Как бы то ни было, духовные процессы, запущенные путем евангельской «инкарнации», носили объективный характер. Своеобразным «доказательством от противного» может послужить здесь русская церковная история XVII века. Как известно, со времен Никона и до кончины патриарха Адриана грекофильское направление в русской Церкви было чрезвычайно сильно. И изнутри и вне России оно поддерживалось весьма влиятельными тогда фигурами, и существовало по меньшей мере два проекта объединения православного мира на основе примата греческого языка и греческой культуры – в известном смысле по типу мира латинского – это проекты патриарха Никона и иерусалимского патриарха Досифея. Оба они кончились неудачно.
Несомненно, для этого были свои конкретные, прежде всего социально-политические причины. Но разве не значит это и то, что русская традиция, в которой уже совершилось «воплощение Слова» не только в культе, но и в культуре, не могла тогда вновь замкнуть себя, раствориться в современном ей, немощном и многое растерявшем греческом мире? Разве это не было бы для нее шагом назад, отступлением от себя, отказом от собственной истории, культуры и назначения? Ведь вместе с проповедью равноапостольного Кирилла «слово и дух евангельския» уже «внидоша в письмя словенское»[8], как писал в каноне равноапостольному Кириллу святитель Филарет. И в необратимости этого факта также была заложена обреченность русского грекофильства XVII века.
Наконец, материал для размышлений дает и история русской миссии XIX века. Победа в войне 1812 года послужила не только духовной консолидации русского народа, но и возникновению представлений о его всемирной миссии, а вместе с тем и о необходимости развертывания миссии церковной. Конкретной реализацией этого представления становятся начатые под эгидой Библейского общества труды по переводу Писания на языки народов Российской империи, а затем и на русский язык. Хотя в распространении Писания Общество преследовало свои цели, но благодаря участию в его работе святителя Филарета и его сотрудников по переводу деятельность общества принесла известные положительные плоды. И именно пафос распространения слова Божия ложится в основу миссии позапрошлого столетия. При этом следует подчеркнуть, что такой последовательный сторонник перевода Писания на русский язык, как святитель Филарет, вовсе не стремился к тому, чтобы русский перевод заменил собой славянский, считая, что «великую важность славянскому переводу Библии сообщает его употребление в православном церковном богослужении». А потому, «сколь нужно для веры и назидания народа то, чтобы язык богослужения был понятен, столько же нужно стараться о том, чтобы язык словенский, как богослужебный, продолжал быть понятным народу и не сделался мертвым» [9].

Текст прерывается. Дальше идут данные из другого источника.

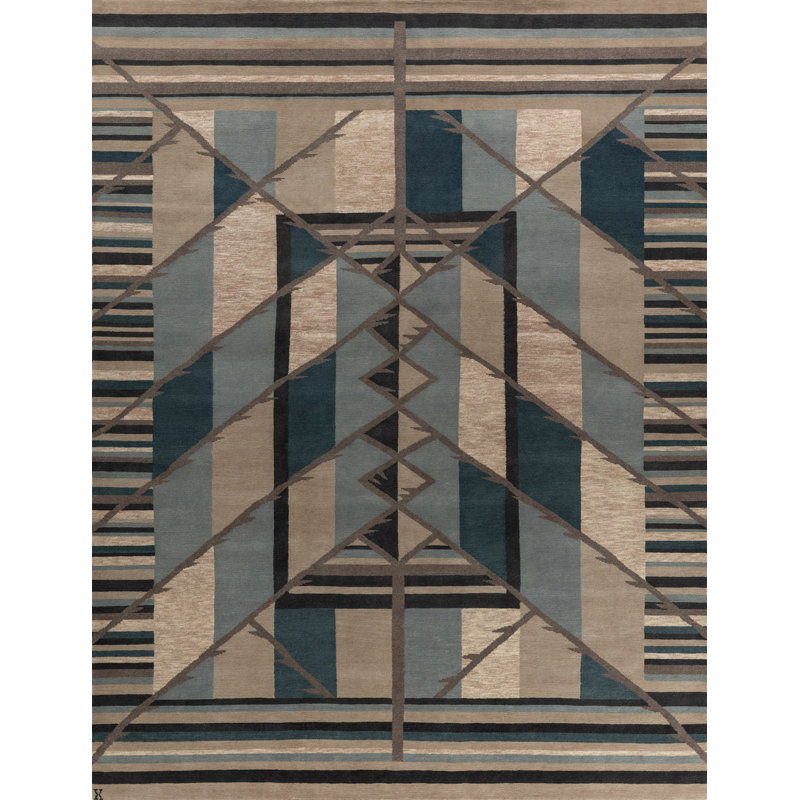 Mesa Wool Geometric Area Rug, Rectangle 8' x 10'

Аналогичных взглядов в этом отношении придерживался и ученик святителя Филарета, преподобный Макарий (Глухарев). Согласно его концепции, дело миссии в Церкви становится делом спасения не только для тех, к кому миссия обращена, но и для самих проповедующих, и всякая мирская, «земная» деятельность – занятия наукой, искусством, ремеслом – получает миссионерское, а значит и сотериологическое значение. Причем, будучи по непосредственному своему назначению направлена на «внешних», тех, кто еще не в лоне Церкви, миссия одновременно поддерживает и «возгревает» духовную жизнь в самом церковном народе и одновременно служит связующим звеном между Церковью и светской цивилизацией и культурой.
Важно, впрочем, что преподобный Макарий был достойным представителем «инкарнационной» миссии не только в теории, но и на практике, и немало трудов положил как на создание алтайской письменности, так и на переводы Писания и катехизических текстов на местное наречие. Однако переводы собственно богослужебные занимают в его наследии сравнительно небольшое место, и не из чего не видно, чтобы он ставил это своей первоочередной задачей. И это понятно: всей душой он стремился просветить алтайцев светом слова Божия, но в то же время, очевидно, не мыслил их вне Pусской Православной Церкви, и именно церковно-славянский богослужебный язык должен был ввести их в нее.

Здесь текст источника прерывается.